Your task.
From first line to last, give the records again word for word and omit the pictures.

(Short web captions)
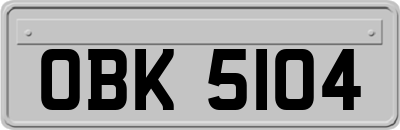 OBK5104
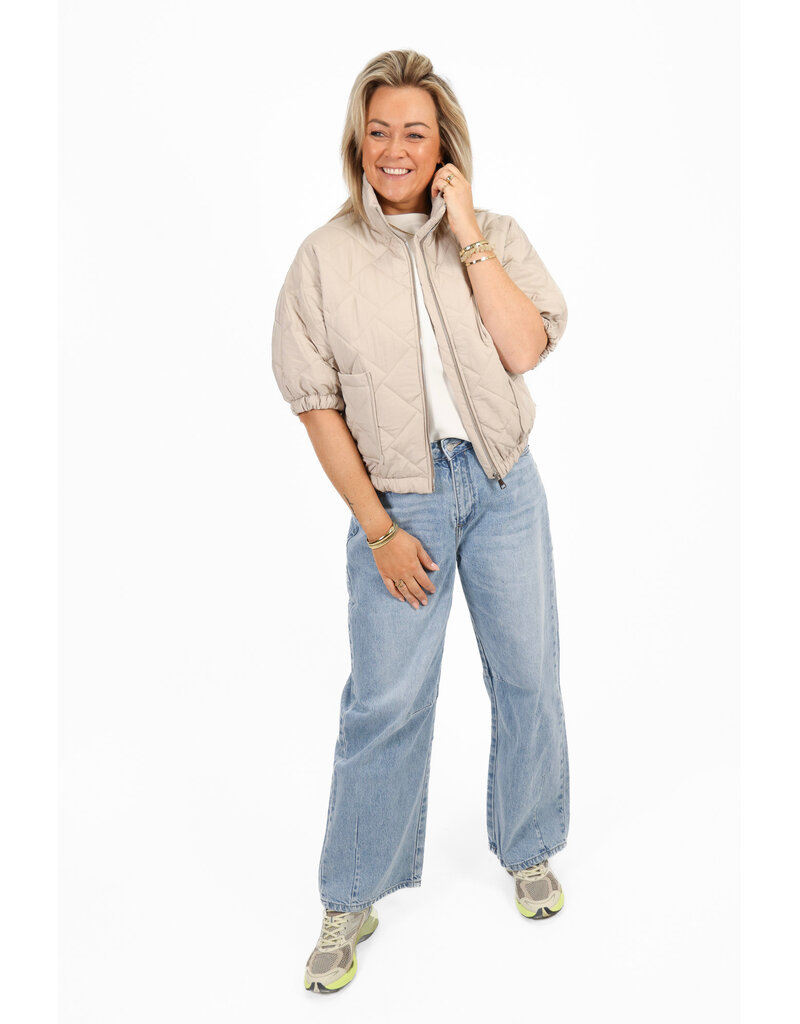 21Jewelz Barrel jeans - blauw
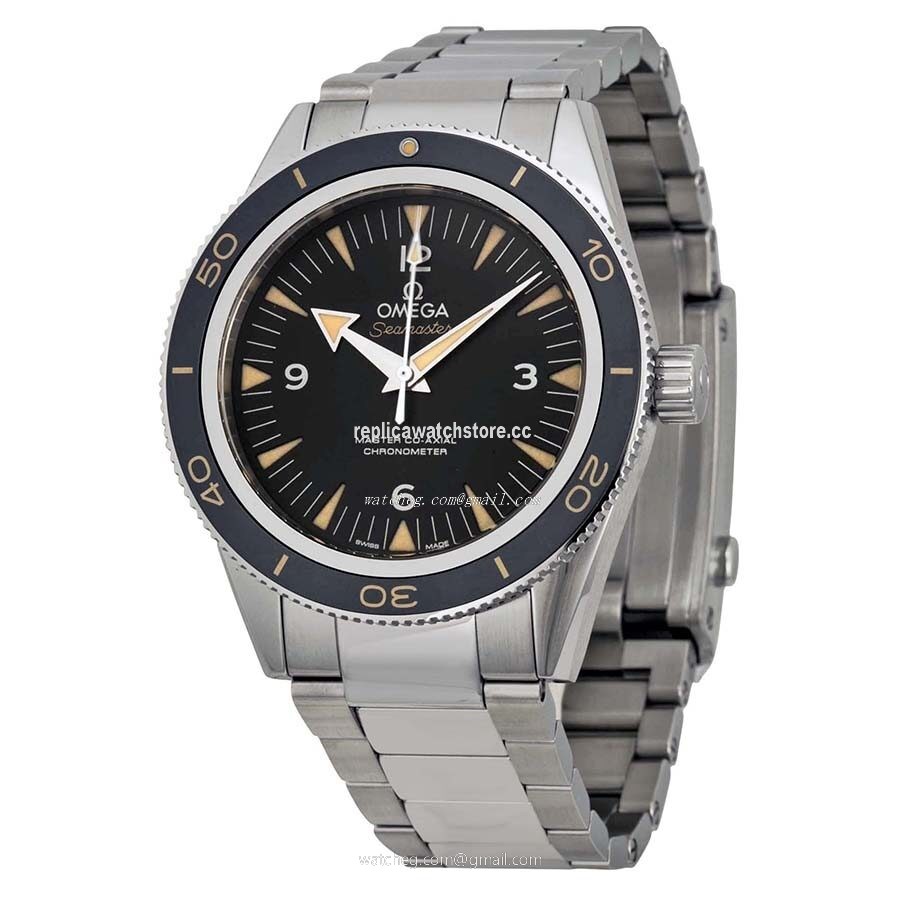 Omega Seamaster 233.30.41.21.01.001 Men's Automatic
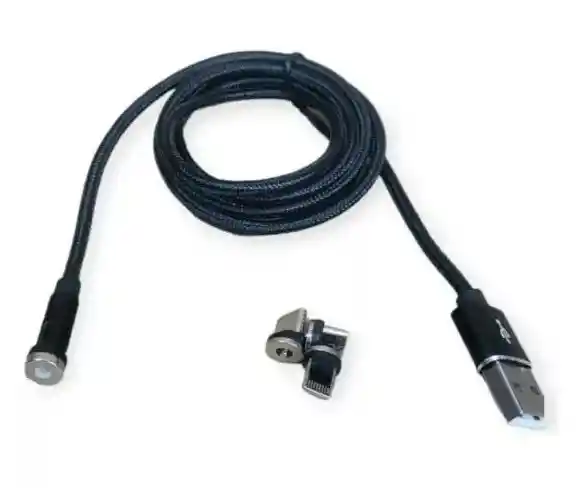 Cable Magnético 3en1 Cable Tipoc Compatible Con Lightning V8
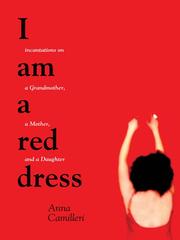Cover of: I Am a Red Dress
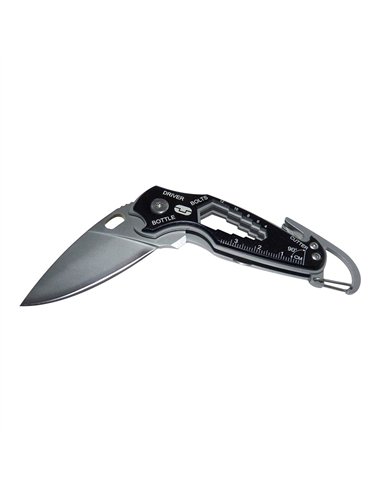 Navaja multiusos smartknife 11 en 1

Solution to this task.
 OBK5104
 21Jewelz Barrel jeans - blauw
 Omega Seamaster 233.30.41.21.01.001 Men's Automatic
 Cable Magnético 3en1 Cable Tipoc Compatible Con Lightning V8
Cover of: I Am a Red Dress
 Navaja multiusos smartknife 11 en 1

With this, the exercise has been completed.